The Atlanta Journal and the Atlanta Constitution, historically separate papers, both turned the political and social corner and supported political and economic leaders who supported an end to government-endorsed racial segregation in the mid-1900’s and promoted integration as a civil process for society at large.
Even today, with a daily circulation of more than half a million copies a day, the paper is cited as a source thinking, of good, reliable news and a great training ground for aspiring reporters. The circulation of the award winning newspaper has declined a bit in recent years and competing venues of information cause it to drain revenue and followers. Still, the newspaper remains highly profitable and financially strong.
“The Journal and Constitution were key in helping society change for the better,” Delaney said, noting the papers fairly covered civil rights leaders and their activities through much of the last century. “They set the standard for covering the movement.”

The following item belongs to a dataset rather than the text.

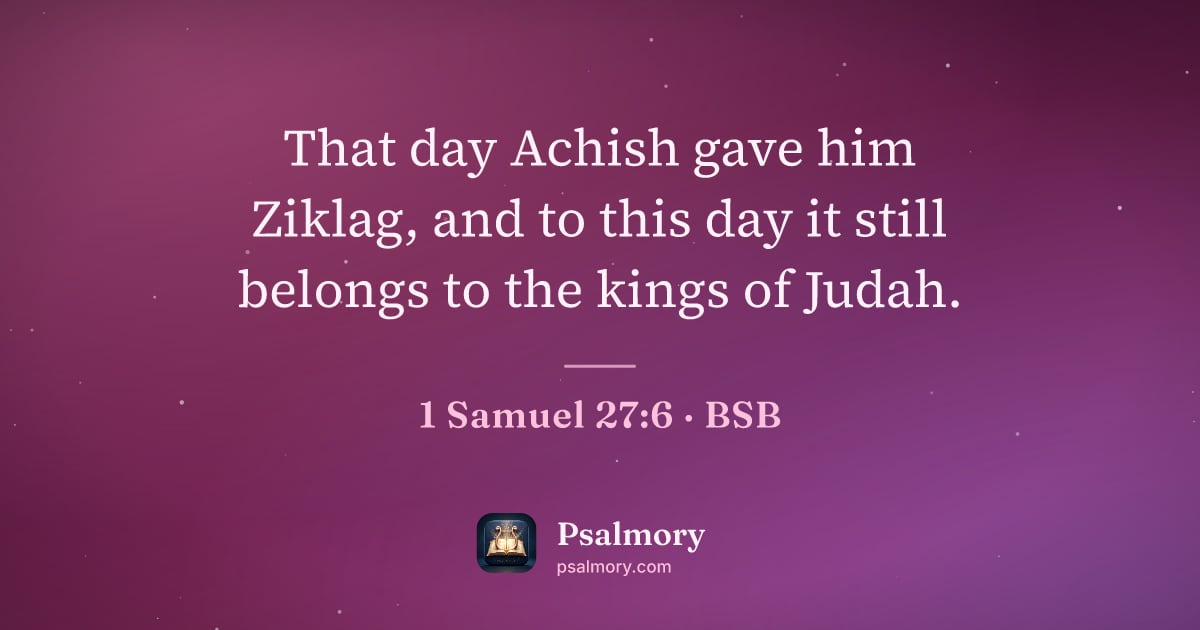 1 Samuel 27:6 verse artwork: That day Achish gave him Ziklag, and to this day it still belongs to the kings of Judah.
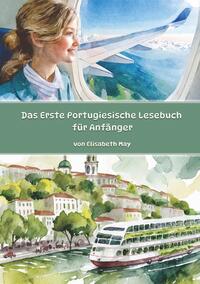 Vorderes Coverbild Das Erste Portugiesische Lesebuch für Anfänger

The shut-down of the daily papers will end the century old practice of widespread distribution of diverse political, social, economic and commercial news to thousands of people daily, the end of young people’s first jobs delivering newspapers and connecting neighborhoods by print.

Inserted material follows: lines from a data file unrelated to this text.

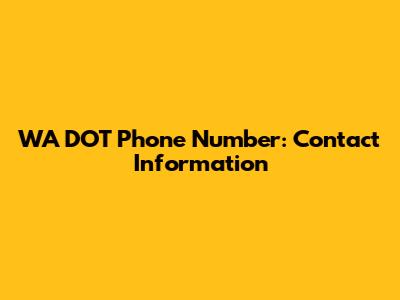 WA DOT Phone Number: Contact Information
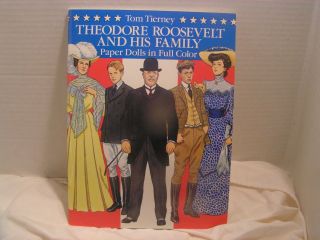Theodore Roosevelt And His Family Paper Dolls In Full Color Tom Tierney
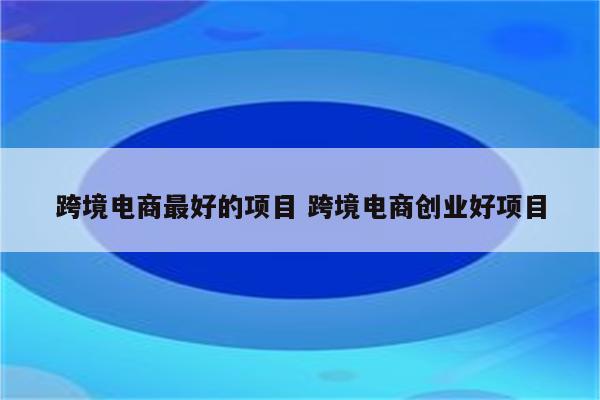 跨境电商最好的项目 跨境电商创业好项目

Giving the voiceless a voice at the public discussion table may be dramatically muted, say observers, citing the shutdown of the Nashville Banner in the 1980’s, followed by the quick downsizing of The Tennessean and other papers in Knoxville and Memphis.
“The shame is for that consumer who is not connected or does not have access to computer technology and will soon be unable to access the AJC’s news product,” said Memphis-born veteran reporter Walter Middlebrook, a former newspaper editor in Detroit and New York, now journalism professor at Penn State University.

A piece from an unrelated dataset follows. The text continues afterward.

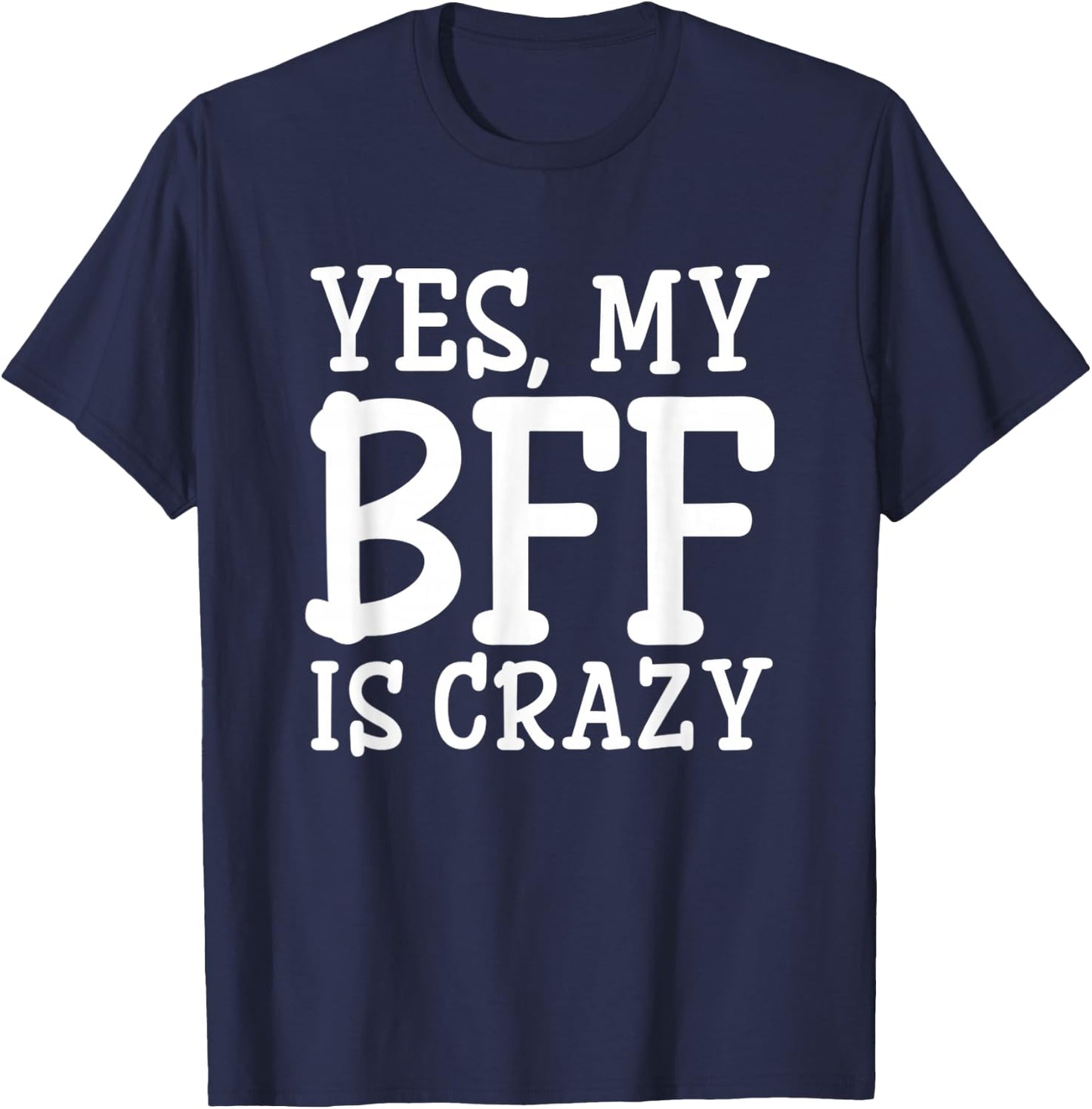 Yes My BFF Is Crazy T-Shirt - T-Shirt | Navy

“I can’t believe that the residents of Atlanta and all of Georgia, for that matter, are fully connected and will have access to the internet.
“Until that time when the internet is recognized as a utility — available to all — a major media outlet like the AJC should be striving to make its products available to all in as many formats and forms possible,” said Midddlebrook..
Until that time when the internet is recognized as a utility — available to all — a major media outlet like the AJC should be striving to make its products available to all in as many formats and forms as possible. said Middlebrook.
Gerald Jordan, a journalism professor at the University of Arkansas and former reporter for the Kansas City Star and the Philadelphia Inquirer, says many people are condemning the daily paper shutdown as they reflect upon the “heydays” of newspaper journalism, the days that prompted the general public to condemn and the government to disown legalized racial segregation in employment, housing, education and health.
“A societal cost for sure,” said Jordan, of reports of the Journal-Constitution cutback. “However, you’re living in the heyday of great newspapers” he said. “My profound regret is that the crazies – the yahoos whose single-spaced letters to the newsroom – now hold sway in the wretched internet disinformation and misinformation that has buried truth and given rise to a sneering audience so easily led by the former president,” said Jordan, echoing colleagues.